WHAT YOU HAVE TO DO: Please restate the material below word for word, from the first line through the one that contains "Zaino Nike Varsity", inclusive.

INPUT:
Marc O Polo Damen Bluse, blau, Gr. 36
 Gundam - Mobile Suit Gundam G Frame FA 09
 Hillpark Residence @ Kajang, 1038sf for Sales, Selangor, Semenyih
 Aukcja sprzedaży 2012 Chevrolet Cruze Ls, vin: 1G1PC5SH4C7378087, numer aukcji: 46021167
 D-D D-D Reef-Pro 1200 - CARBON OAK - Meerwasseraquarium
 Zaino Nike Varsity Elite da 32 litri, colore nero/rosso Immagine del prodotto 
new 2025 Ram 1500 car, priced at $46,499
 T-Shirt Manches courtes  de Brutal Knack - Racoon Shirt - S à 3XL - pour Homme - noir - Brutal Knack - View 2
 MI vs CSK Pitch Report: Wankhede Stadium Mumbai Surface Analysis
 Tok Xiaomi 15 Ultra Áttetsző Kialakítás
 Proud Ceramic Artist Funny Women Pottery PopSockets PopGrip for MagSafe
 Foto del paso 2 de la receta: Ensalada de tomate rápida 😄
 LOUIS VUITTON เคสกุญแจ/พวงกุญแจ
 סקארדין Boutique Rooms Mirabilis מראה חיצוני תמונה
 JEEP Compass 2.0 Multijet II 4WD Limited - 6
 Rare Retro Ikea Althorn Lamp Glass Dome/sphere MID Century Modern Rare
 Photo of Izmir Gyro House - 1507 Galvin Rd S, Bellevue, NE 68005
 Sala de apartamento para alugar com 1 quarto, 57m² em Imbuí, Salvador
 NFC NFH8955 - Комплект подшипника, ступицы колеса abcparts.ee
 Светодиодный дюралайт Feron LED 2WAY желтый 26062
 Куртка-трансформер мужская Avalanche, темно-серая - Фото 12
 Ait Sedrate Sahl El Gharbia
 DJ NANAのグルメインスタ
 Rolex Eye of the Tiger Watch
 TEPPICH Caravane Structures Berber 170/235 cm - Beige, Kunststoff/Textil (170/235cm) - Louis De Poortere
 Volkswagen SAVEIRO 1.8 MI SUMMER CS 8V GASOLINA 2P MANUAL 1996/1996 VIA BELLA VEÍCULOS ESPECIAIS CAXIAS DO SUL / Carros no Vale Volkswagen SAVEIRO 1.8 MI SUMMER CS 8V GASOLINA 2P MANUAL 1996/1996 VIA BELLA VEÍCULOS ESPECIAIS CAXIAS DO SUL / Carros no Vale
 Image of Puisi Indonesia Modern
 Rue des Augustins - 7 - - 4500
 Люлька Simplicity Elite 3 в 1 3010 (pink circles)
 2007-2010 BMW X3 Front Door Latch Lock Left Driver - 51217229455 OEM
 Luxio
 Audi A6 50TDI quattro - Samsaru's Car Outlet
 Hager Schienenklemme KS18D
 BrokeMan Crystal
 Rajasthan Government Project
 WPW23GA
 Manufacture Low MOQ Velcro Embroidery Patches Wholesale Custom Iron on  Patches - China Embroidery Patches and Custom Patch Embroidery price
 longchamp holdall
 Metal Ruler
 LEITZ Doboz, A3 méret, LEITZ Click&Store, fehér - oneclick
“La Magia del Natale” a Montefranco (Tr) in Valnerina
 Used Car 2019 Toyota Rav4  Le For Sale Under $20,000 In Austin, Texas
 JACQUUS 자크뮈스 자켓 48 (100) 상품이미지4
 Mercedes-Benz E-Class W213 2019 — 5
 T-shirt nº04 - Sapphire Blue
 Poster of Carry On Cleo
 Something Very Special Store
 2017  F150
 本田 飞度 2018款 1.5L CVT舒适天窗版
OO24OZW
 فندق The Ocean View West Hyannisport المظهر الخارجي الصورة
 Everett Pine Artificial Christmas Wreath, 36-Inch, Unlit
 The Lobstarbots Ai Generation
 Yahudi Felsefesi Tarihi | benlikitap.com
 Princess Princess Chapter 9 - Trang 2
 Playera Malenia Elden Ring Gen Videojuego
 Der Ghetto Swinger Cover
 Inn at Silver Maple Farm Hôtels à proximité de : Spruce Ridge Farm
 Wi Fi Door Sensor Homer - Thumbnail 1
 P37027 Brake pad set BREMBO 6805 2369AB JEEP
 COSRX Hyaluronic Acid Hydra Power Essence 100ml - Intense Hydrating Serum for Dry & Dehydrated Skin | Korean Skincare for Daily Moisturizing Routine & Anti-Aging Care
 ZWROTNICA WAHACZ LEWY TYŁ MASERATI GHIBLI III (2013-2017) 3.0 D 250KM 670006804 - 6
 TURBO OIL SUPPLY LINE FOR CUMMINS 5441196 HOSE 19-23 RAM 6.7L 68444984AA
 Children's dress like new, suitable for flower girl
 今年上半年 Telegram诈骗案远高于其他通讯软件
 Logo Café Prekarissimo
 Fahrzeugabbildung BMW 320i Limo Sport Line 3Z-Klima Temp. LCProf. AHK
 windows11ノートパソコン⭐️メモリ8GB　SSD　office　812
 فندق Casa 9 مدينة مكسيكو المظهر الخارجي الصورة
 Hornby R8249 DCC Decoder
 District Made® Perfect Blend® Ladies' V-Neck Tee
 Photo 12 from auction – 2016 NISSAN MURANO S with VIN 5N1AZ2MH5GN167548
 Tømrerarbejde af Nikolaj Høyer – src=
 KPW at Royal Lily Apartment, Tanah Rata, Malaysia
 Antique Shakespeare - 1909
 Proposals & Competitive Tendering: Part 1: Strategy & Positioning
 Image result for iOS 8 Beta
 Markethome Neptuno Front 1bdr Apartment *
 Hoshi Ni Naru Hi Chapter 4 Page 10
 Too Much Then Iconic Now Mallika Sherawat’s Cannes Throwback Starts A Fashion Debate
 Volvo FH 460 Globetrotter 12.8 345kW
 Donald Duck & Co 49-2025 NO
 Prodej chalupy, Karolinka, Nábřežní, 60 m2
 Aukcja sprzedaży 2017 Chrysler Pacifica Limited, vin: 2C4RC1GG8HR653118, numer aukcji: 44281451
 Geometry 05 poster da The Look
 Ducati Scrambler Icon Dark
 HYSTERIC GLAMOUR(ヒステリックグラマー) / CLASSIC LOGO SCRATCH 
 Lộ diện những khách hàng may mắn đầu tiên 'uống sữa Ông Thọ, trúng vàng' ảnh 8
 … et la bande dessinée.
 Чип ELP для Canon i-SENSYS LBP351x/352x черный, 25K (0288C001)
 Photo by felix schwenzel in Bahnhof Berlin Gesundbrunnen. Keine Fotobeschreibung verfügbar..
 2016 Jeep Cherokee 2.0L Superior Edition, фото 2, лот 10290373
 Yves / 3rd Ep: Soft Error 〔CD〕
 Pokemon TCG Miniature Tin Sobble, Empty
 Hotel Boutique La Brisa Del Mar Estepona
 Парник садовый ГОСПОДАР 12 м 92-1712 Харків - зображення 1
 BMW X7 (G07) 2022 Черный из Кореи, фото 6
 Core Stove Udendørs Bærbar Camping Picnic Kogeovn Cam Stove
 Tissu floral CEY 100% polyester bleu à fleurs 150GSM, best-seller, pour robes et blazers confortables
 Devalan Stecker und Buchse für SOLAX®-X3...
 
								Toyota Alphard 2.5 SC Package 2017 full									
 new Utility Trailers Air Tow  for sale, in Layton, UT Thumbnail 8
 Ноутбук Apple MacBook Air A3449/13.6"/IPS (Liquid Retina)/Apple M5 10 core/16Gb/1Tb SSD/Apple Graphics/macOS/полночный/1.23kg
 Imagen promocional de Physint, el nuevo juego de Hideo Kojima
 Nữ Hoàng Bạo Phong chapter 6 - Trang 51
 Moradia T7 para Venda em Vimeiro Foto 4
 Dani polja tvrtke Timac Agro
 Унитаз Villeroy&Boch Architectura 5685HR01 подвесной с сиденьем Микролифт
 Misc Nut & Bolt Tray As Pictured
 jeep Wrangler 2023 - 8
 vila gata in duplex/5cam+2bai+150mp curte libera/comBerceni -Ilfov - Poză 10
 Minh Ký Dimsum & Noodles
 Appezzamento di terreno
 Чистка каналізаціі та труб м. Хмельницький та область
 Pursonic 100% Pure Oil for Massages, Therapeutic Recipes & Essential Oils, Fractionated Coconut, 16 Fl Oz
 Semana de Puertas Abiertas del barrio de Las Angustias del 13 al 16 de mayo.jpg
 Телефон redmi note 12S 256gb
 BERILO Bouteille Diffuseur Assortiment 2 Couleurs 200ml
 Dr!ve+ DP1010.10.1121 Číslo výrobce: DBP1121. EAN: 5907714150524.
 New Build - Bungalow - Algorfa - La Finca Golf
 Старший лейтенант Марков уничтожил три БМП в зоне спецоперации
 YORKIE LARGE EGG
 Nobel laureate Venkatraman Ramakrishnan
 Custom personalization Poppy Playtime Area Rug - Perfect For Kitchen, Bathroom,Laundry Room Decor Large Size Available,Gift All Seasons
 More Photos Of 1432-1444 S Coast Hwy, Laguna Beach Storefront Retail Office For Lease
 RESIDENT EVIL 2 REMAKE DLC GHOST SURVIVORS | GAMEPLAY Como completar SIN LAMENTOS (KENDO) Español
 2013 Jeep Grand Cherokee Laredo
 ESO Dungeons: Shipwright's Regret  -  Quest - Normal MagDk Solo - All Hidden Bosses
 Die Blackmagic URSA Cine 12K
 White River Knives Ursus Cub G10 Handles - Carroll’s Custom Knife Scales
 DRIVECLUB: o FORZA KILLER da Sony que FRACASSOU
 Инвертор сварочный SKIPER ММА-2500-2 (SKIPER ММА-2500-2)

SOLUTION:
Marc O Polo Damen Bluse, blau, Gr. 36
 Gundam - Mobile Suit Gundam G Frame FA 09
 Hillpark Residence @ Kajang, 1038sf for Sales, Selangor, Semenyih
 Aukcja sprzedaży 2012 Chevrolet Cruze Ls, vin: 1G1PC5SH4C7378087, numer aukcji: 46021167
 D-D D-D Reef-Pro 1200 - CARBON OAK - Meerwasseraquarium
 Zaino Nike Varsity Elite da 32 litri, colore nero/rosso Immagine del prodotto 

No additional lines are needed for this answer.